Tunisia’s president says he is waging a war on speculators hoarding food, but his new decree-law also includes an article that forbids the spreading of “false news and information” about food shortages and the supply chain.
Tunisian man holding a baguette is carried by fellow protesters during a demonstration in Tunis on Jan. 18, 2011.

Leading human rights organization Amnesty International said that Tunisia’s presidential decree-law threatens Tunisians' freedom to discuss and challenge its leaders about the ongoing food shortages in Tunisia.  

Images of Tunisians queuing for bread outside bakeries and empty shop shelves where flour, rice and vegetable oil should be have flooded the press and social media since mid-February with seemingly no end in sight, which — just ahead of Ramadan — is particularly disheartening for Tunisians worried about political and economic instability.

Tunisian President Kais Saied’s response to the food shortages came on March 9 when he announced that he was waging war on speculation and then later on March 20 when he issued Decree-Law 2022-14 creating higher penalties for speculating on goods, with penalties ranging from 10 to 30 years of jail time, effectively a life sentence for cartels hoarding state-subsidized products like flour and planning to sell at a higher price later.

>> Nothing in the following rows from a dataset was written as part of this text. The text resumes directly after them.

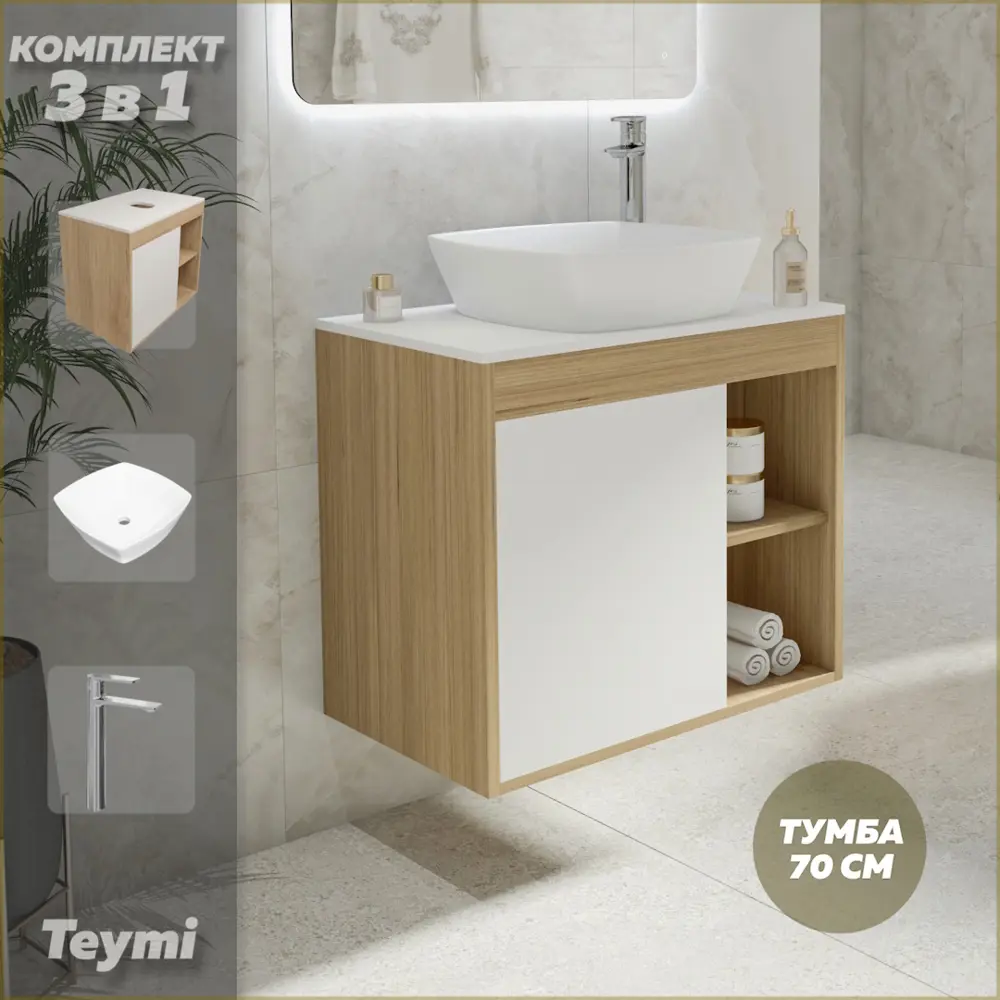 Фото Тумба под раковину подвесная Teymi F04288 70см с раковиной цвет дуб Фото Тумба под раковину подвесная Teymi F04288 70см с раковиной цвет дуб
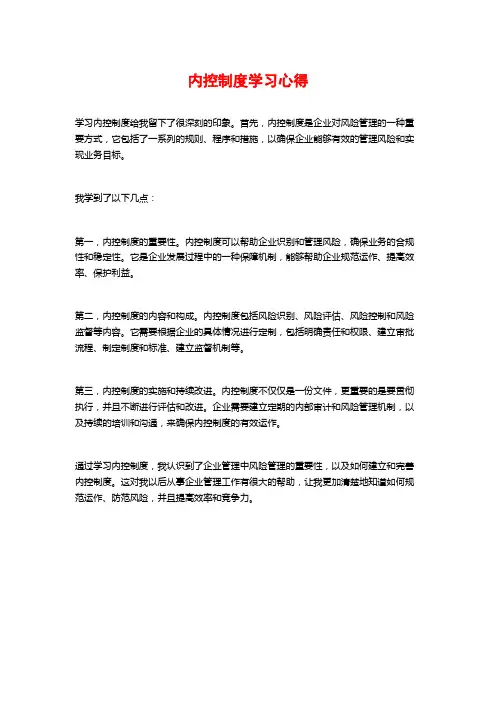 内控制度学习心得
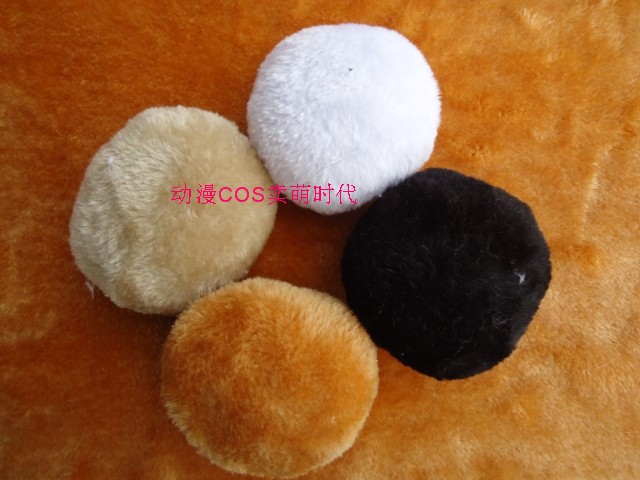 Anime cos rabbit tail series plush tail masquerade supplies five colors optional] oh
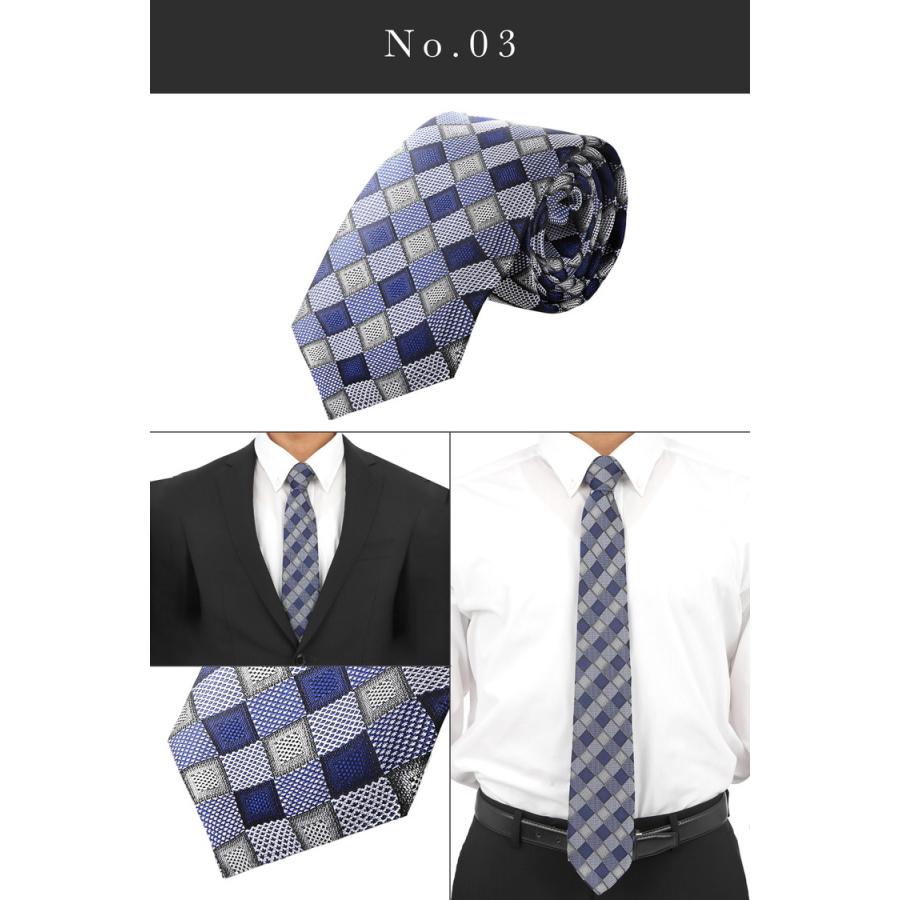 ネクタイ 5本 ネクタイピン 1個 必須6点セット! タイピン セット ビジネス 結婚式 ブランド メンズ おしゃれ 誕生日 プレゼント 父の日 青 黒 フォーマル 無地 |  | 08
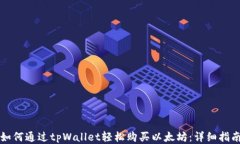 如何通过tpWallet轻松购买以
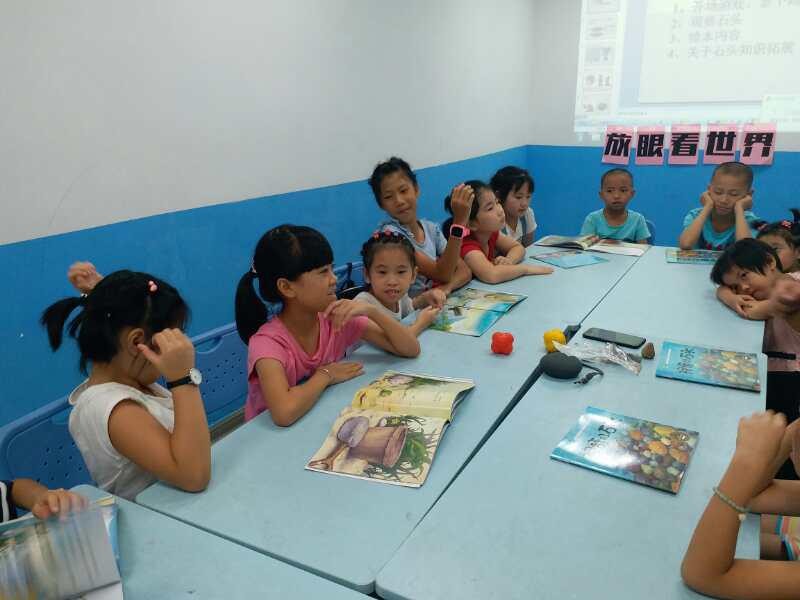 图片3.jpg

The daily news is rife with scenes of police raiding storehouses full of sacks of flour and semolina and other food and domestic products. The Ministry of Commerce’s Facebook page is a catalog of police raids on warehouses full of sacks of flour, other foodstuffs, and highly perishable foods such as eggs and vegetables, all captioned with admonishing commentaries of how these small-business people are stealing the nation’s food. Tunisia's press noted that despite these mass confiscations of so many tons of flour, oil and sugar, shop shelves are not being refilled.

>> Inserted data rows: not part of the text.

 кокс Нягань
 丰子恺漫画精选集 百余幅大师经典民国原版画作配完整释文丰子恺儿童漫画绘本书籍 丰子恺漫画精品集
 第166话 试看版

The Syndical Chamber of Wholesalers published a statement complaining about the armed police raids and arrests. Yassine Zine Abbedine Acheh, vice president of the Chamber of Wholesalers, told Al-Monitor, “One-hundred of our members have been raided by police. We are working out a solution with the Ministry of Commerce." He sounded nervous and appeared reluctant to go into details. When asked how he felt about police inspecting warehouses, he said they had accepted this and the new decree-law had “fixed things now.”      

Amnesty International is concerned that Saied’s decree-law could be a tool to suppress any public debate or news reporting about food shortages that does not agree with the presidential line. It said in a press statement March 25 that article 3 of the anti-speculation decree-law “criminalizes the deliberate spread of “false or incorrect news or information” that would cause consumers to refrain from buying, or to disrupt the supply of goods to markets and thereby cause prices to rise.

Deputy regional director for the Middle East and North Africa at Amnesty International Amna Guellali said in that statement that “Tunisia is already suffering a long-standing economic and financial crisis. It is more important than ever that people in the country be free to discuss and debate the issues that affect them, including food security and goods supplies, without fear of prosecutions.”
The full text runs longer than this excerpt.